Итак, понятие «рассказ» в качестве литературоведческого стало употребляться в конце XVIII - первом десятилетии XIX века. Им пользовался И. Рижский в работе «Опыт риторики». Под рассказом он подразумевал разновидность повествования. Повествование в свою очередь рассматривал как частный вид описания. Описание же «есть такой род литературы, в котором писатель старается сколько можно живее и яснее начертать в мыслях другой какой-нибудь предмет, представить воображению своих читателей или слушателей отличные его свойства и обстоятельства» . Причем предметом описания, по мнению исследователя, могут быть чувства, вещи, иногда какое-нибудь лицо, иногда случившееся в человеческом обществе происшествие. Исходя из этого Рижский выделяет три вида описания: физические, нравственные и исторические, называемые повествованиями. Историческое описание имеет фабулу, оно «должно дать ясное понятие о каком-нибудь достопамятном происшествии»1. В прозаических сочинениях авторы следуют «естественному порядку», которого требует предмет описания. Стихотворные повествования, в отличие от прозаических, «всегда начинаются знаменитым каким-нибудь обстоятельством, случившемся уже после многих других, составляющих важную часть всего произведения; но стихотворец не опускает предварительные обстоятельства и в «пристойном месте повествования заставляет своего героя или другое, участвующее в происшествии лицо, рассказывать их»2.

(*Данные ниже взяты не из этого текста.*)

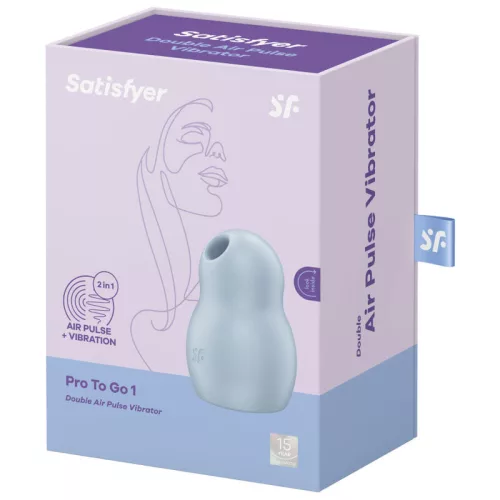 SATISFYER - PRO TO GO 1 DUPLA LÉGPULZUS STIMULÁTOR ÉS VIBRÁTOR KÉK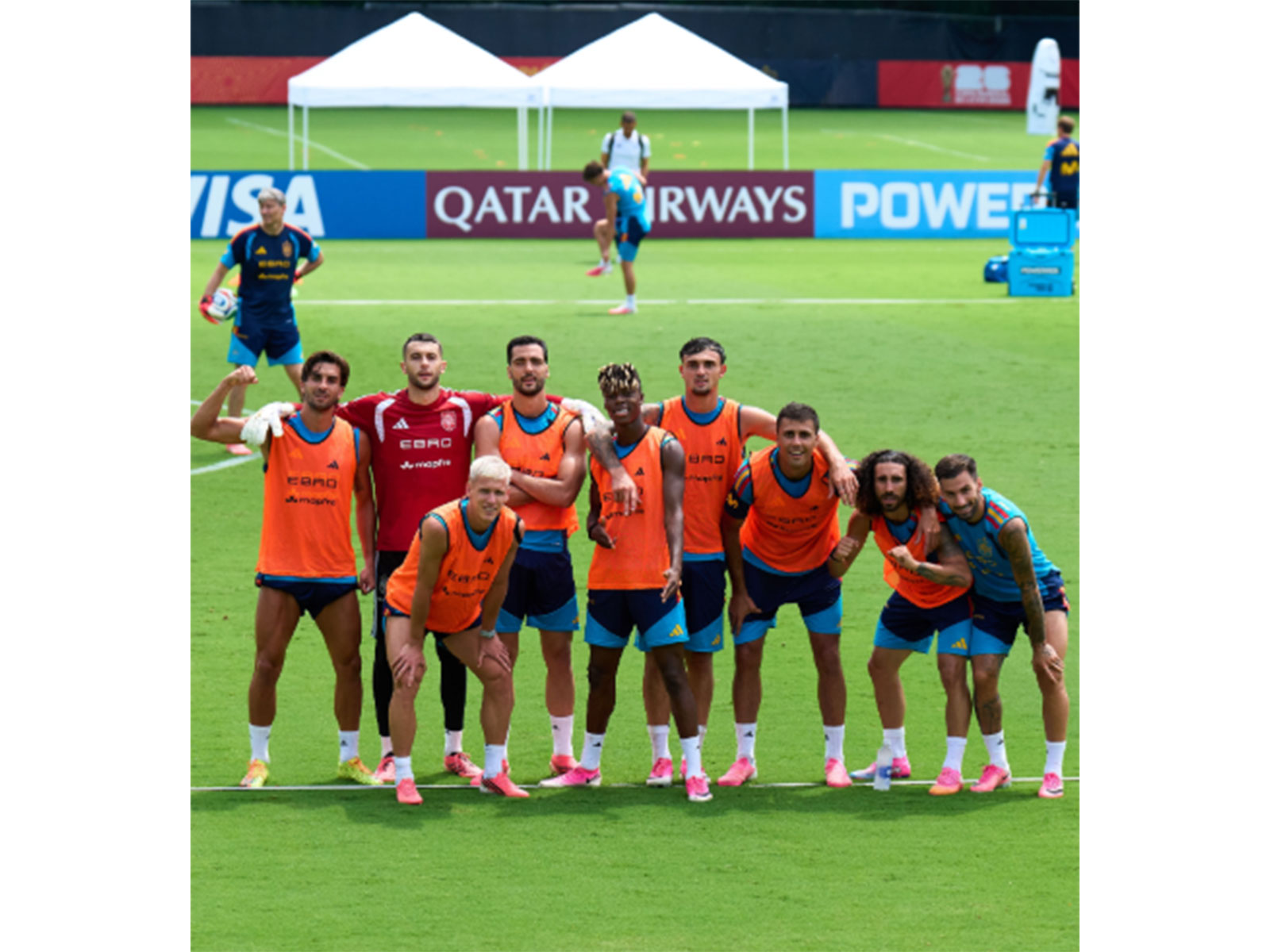 Spanish football team. (Photo: @sefutbol Instagram)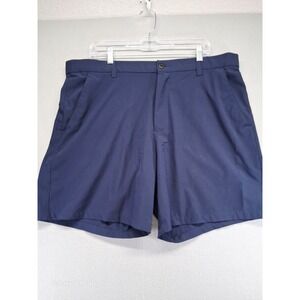 Zelos Flex Men Blue Shorts Size 38 Flat Front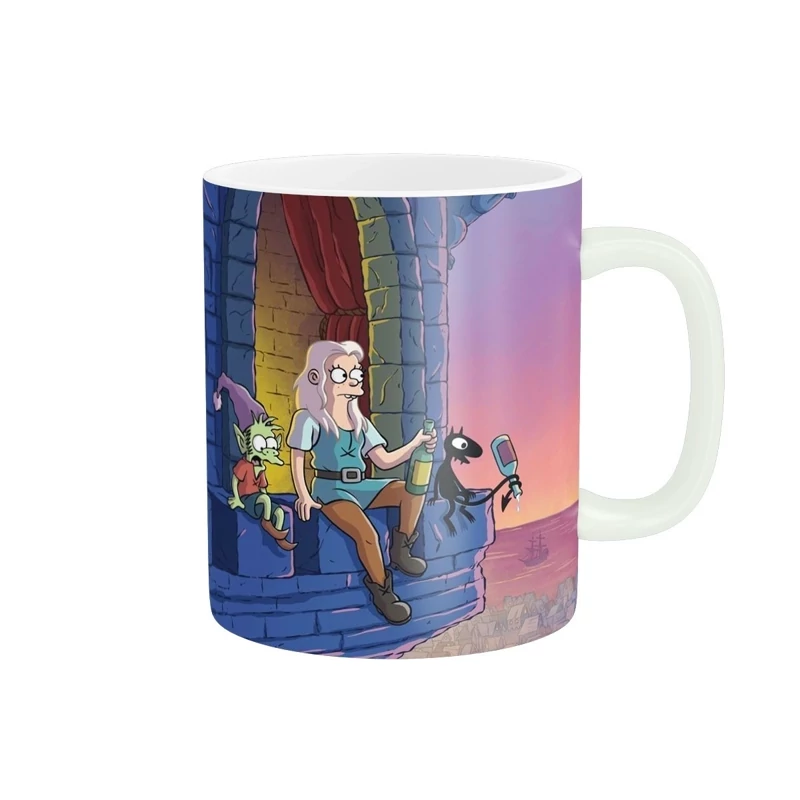 ماگ سرامیکی طرح کارتون طلسم شدگان کد485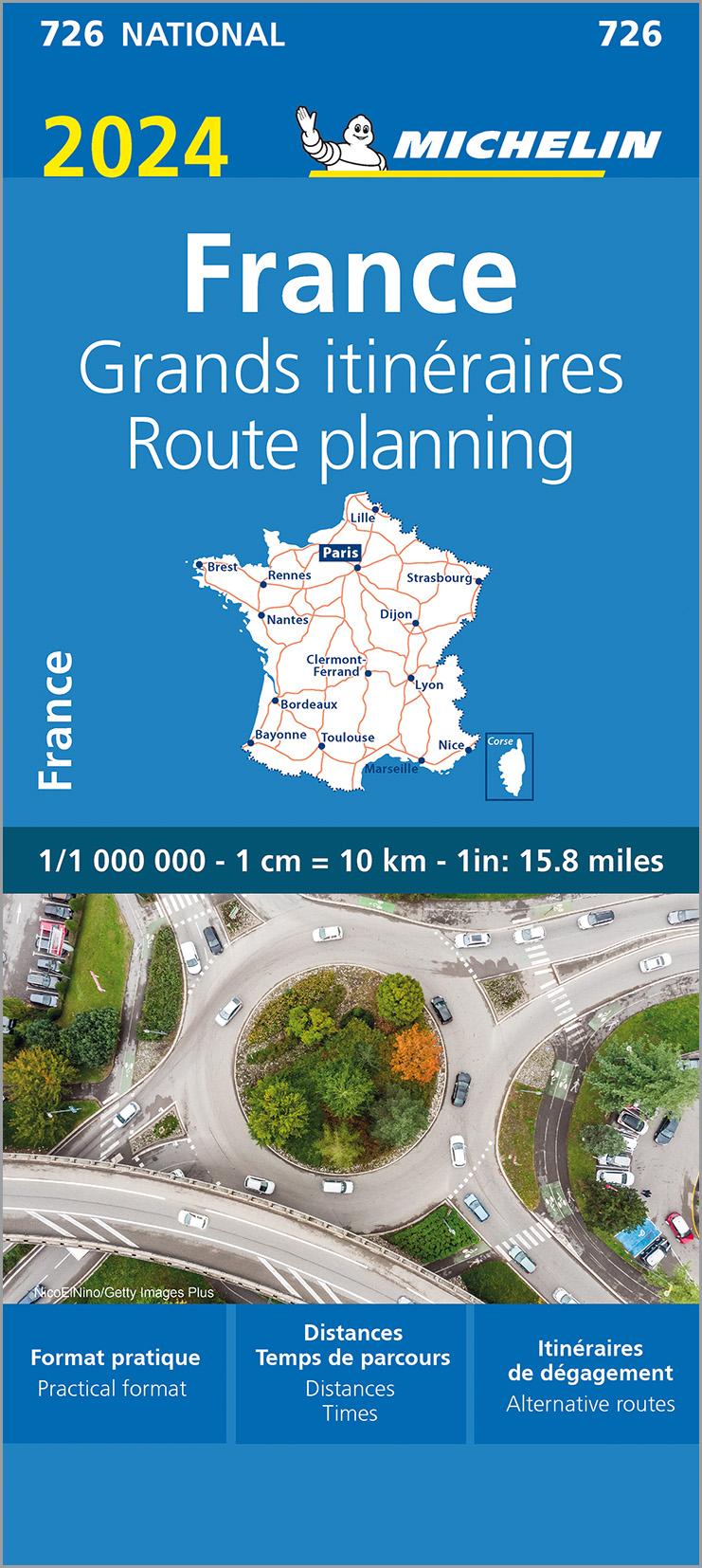 Cover: 9782067262775 | Michelin France Grands itinéraires, Route planning 2024 | Gefalzt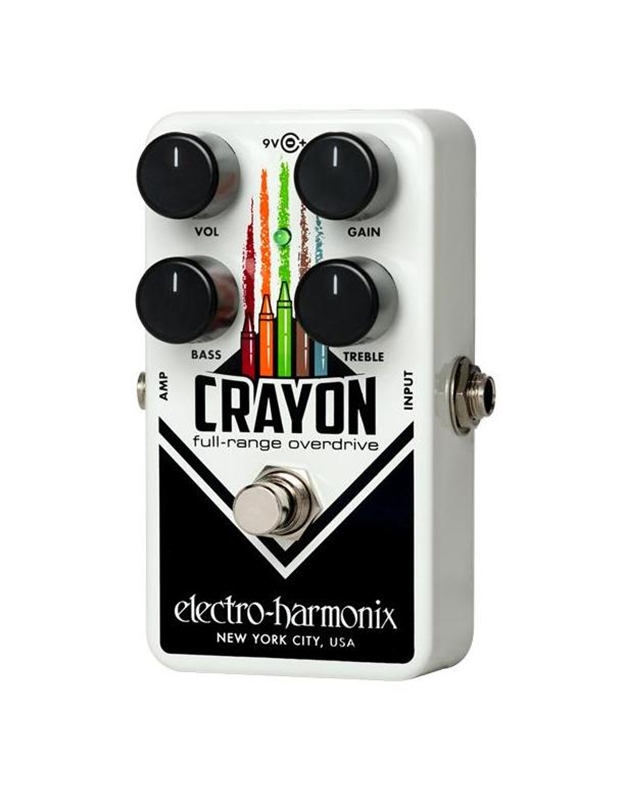ELECTRO HARMONIX Crayon 69 Guitar Effects Pedal Full Overdrive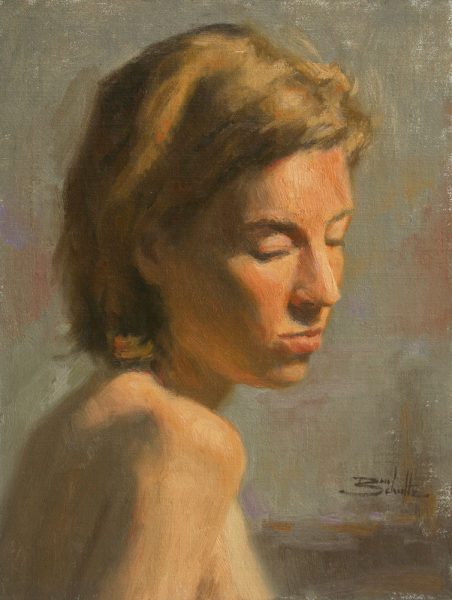 Thoughtful Moment • 12x9 inches • Oil on Linen Panel • Painted with the Zorn Palette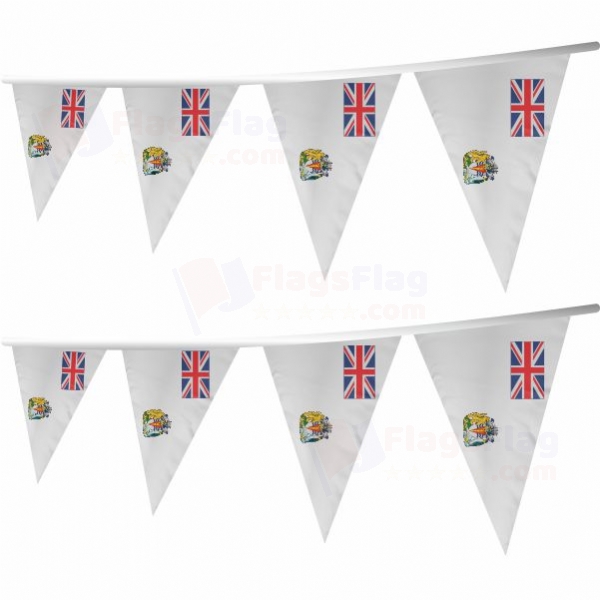 British Antarctic Territory Stringed Triangle Flag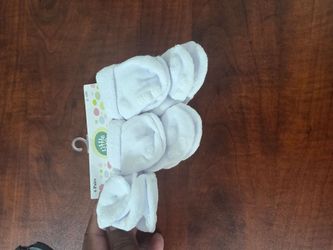 Little Me White Baby Socks 6 Pairs 0-6M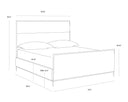 Yasmine Bed - King - Zenith Alabaster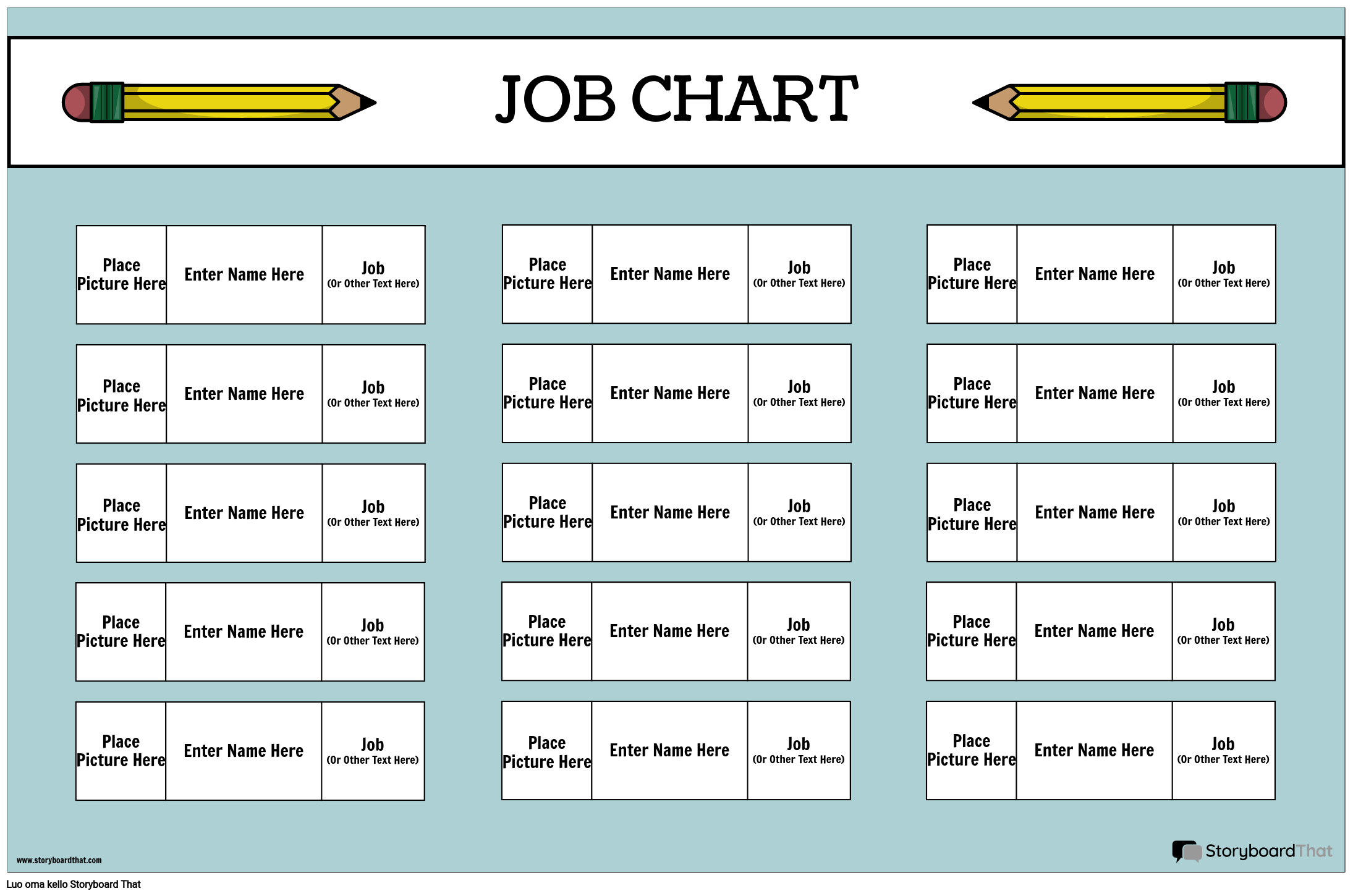 Job Chart Juliste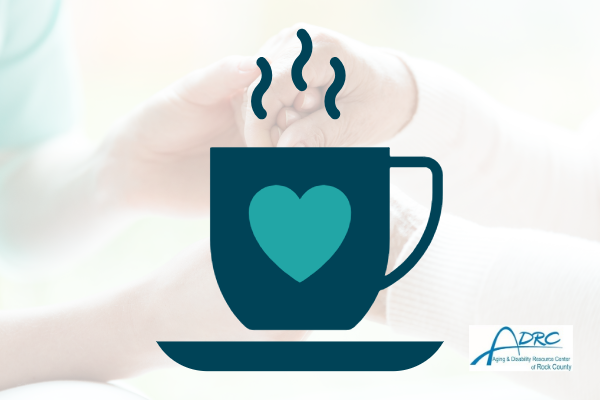 coffee cup with heart graphic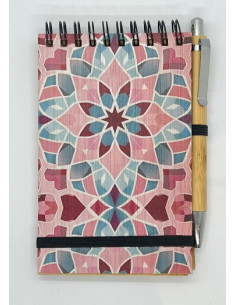 Libreta con bolígrafo- Mosaico Alhambra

Повествование выделено И. Рижским и в составе другого ораторского жанра - большой речи. Оно могло составлять вторую его часть, следующую за приступом. Если в приступе автор заявил мысль, связанную с историческим происшествием, то во второй части, поясняя происшествие, он пересказывает его. «Пересказ», «рассказ» расцениваются И. Рижским как один из видов повествования. Так мы наблюдаем сближение понятий «повествование» и «рассказ».
С другой стороны, можно было отметить случаи, когда повествование по-прежнему называли рассказом. Говоря о свойствах романа, А. Мерзляков среди них отметил «образ рассказа», т.е. искусство описывать характеры действующих лиц3. И. Рижский выделял в качестве родов литературы описание и повествование; А. Мерзляков вместо «повествование» уже говорит «пиитический рассказ», которым пользуется для обозначения тех случаев, когда поэзия «заключается...в историческом представлении истинных п вымышленных происшествий и деяний»4. «Историческое представление» здесь значит последовательное изложение, т.е. так, как происходило на самом деле. Понятие «рассказ» начинает обозначать повествование о событии или происшествии.
Так постепенно закрепилось в литературоведении понятие «рассказ», однако в дальнейшем его содержание неоднократно изменялось и уточнялось.
К середине 1820-х годов оно получило почти одновременно два новых значения. Им стали обозначать сообщение героя о каком-либо происшествии, если в составе произведения была серия таких сообщений на одну тему. Такое употребление понятия зафиксировано в переводе «Рассказов одного путешественника» В. Ирвинга. Так в журнале «Сын Отечества» за 1825 год в опубликованном переводе «Отрывок из рассказов одного путешественника» содержалось несколько рассказов разных персонажей о встречах с привидениями. После одного из них следовала фраза: «Здесь старик с околдованной головой кончил рассказ свой»1.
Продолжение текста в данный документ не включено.